George McGovern and Lyndon Johnson

Opinion

Discovering Greatness in Lyndon Johnson

Like many Americans, I was deeply opposed to Lyndon Johnson's pursuit of the Vietnam War. My views on the war have not changed, but my opinion of Johnson has. I believe now that with the exceptions of Woodrow Wilson and Franklin Roosevelt -- and perhaps Theodore Roosevelt -- Lyndon Johnson was the greatest president since Abraham Lincoln.

John Kenneth Galbraith called recently for a reassessment of Johnson, arguing that history was unfair in identifying his presidency primarily with the war. Professor Galbraith is on the mark.

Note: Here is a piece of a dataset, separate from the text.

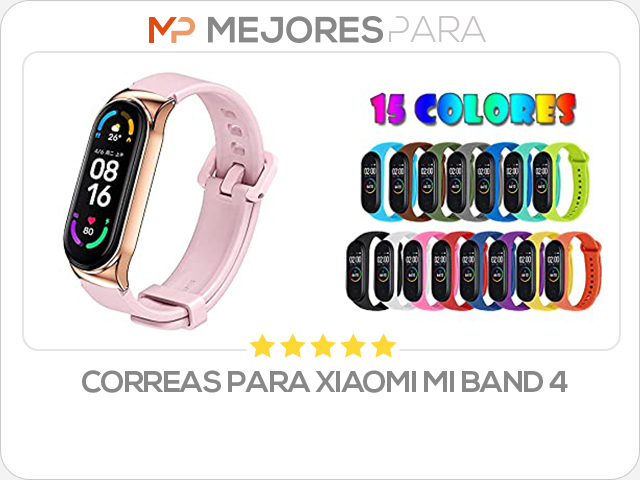 correas para xiaomi mi band 4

The Kennedy, Johnson and Nixon administrations were all wrong in Vietnam. This issue was central to my 1972 presidential run against Richard Nixon. But despite his involvement with the war, Johnson used his remarkable political skills to build the most far-reaching progressive domestic program since the New Deal. Johnson's opponents like to ridicule the Great Society, but what is wrong with an American president who envisions his nation as a great society? Johnson did more than any other president to advance civil rights, education and housing, to name just three of his concerns, through enactment of laws.

I now regret not devoting more time to praising the Johnson record at home. And I wish I had known earlier what the Johnson White House tapes, published two years ago, show: Johnson was agonizing over Vietnam policy from his first day as president until his last.

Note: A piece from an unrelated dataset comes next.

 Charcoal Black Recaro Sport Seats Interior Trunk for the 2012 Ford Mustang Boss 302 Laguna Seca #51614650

Johnson shared his doubts and fears about Vietnam primarily with Senator Richard Russell of Georgia, chairman of the Armed Services Committee. I knew that both Johnson and Russell opposed American involvement in Vietnam when it was proposed to them as senators by the Eisenhower administration. The tapes show that they continued to have terrible doubts and regrets, even while publicly supporting the war.

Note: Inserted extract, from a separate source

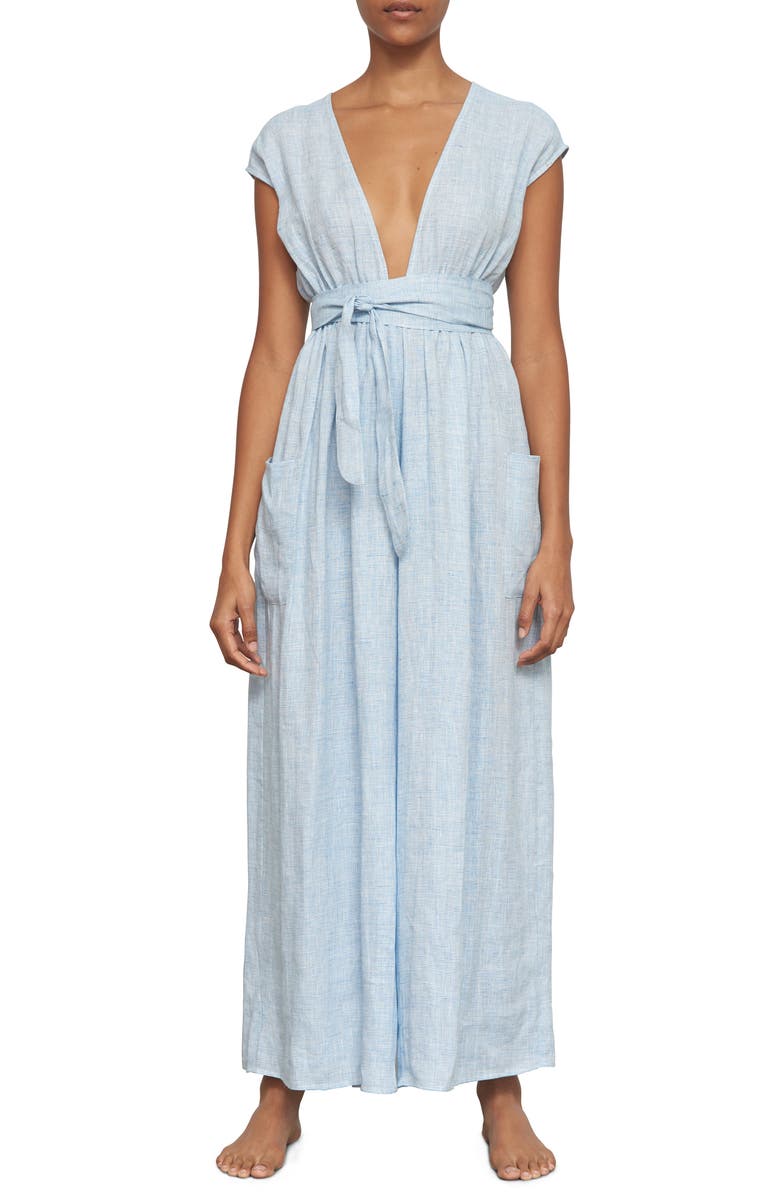 Mara Hoffman Whitney Organic Cotton Cover-Up Jumpsuit, Main, color,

On May 27, 1964, six months into his presidency, Johnson asks Russell on one tape, ''What do you think of this Vietnam thing?'' Russell answers: ''It's the damn worst mess I ever saw, and I don't like to brag. I never have been right many times in my life. But I knew that we were going to get into this sort of mess when we went in there.'' To which Johnson replies: ''That's the way that I've been feeling for six months.''

Russell answers: ''If I was going to get out, I'd get the same crowd that got rid of old Diem to get rid of these people and get some fellow in there that said he wished to hell we would get out. That would give us a good excuse for getting out . . . .''

''How important is it to us?'' Johnson asks.

''It isn't important a damn bit, with all these new missile systems,'' Russell replies.

Later, Johnson tells Russell: ''I've got a little old sergeant that works for me over at the house, and he's got six children, and I just put him up there as the United States Army, Air Force and Navy every time I think about making this decision, and think about sending that father of those six kids in there. And what the hell are we going to get out of his doing it? And it just makes the chills run up my back.'' To which Russell replies: ''It does me. I just can't see it.''

Later that day Johnson tells his national security adviser, McGeorge Bundy: ''I don't think it's worth fighting for, and I don't think that we can get out. It just the biggest damn mess I ever saw.'' To which Bundy replies: ''It is. It's an awful mess.'' Johnson makes a final observation to Bundy: ''It's damned easy to get in a war, but it's gonna be awfully hard to extricate yourself if you get in.''

I assumed in those years that Johnson was fully convinced of the soundness of his policy and not eager to consider other alternatives. I assumed the same was true of Senator Russell and his powerful allies in the Senate. If I had been privy to the mind of either Johnson or Russell, I would have assembled a group of a dozen senators and asked for a no-holds-barred meeting on Vietnam policy.
Such a group could have included J. William Fulbright, Mike Mansfield, Frank Church, Eugene McCarthy, Joseph Clark, George Aiken, John Sherman Cooper, Mark Hatfield, Robert and Edward Kennedy, Gaylord Nelson and Albert Gore Sr. Whether we could have made a difference, knowing that we were talking to a president tortured by his policy and looking for a way out, I do not know. I do know that I wish we had tried.

If it had been up to Lyndon Johnson, we would not have gone into Vietnam in the first place. It would be a historic tragedy if his outstanding domestic record remained forever obscured by his involvement in a war he did not begin and did not know how to stop.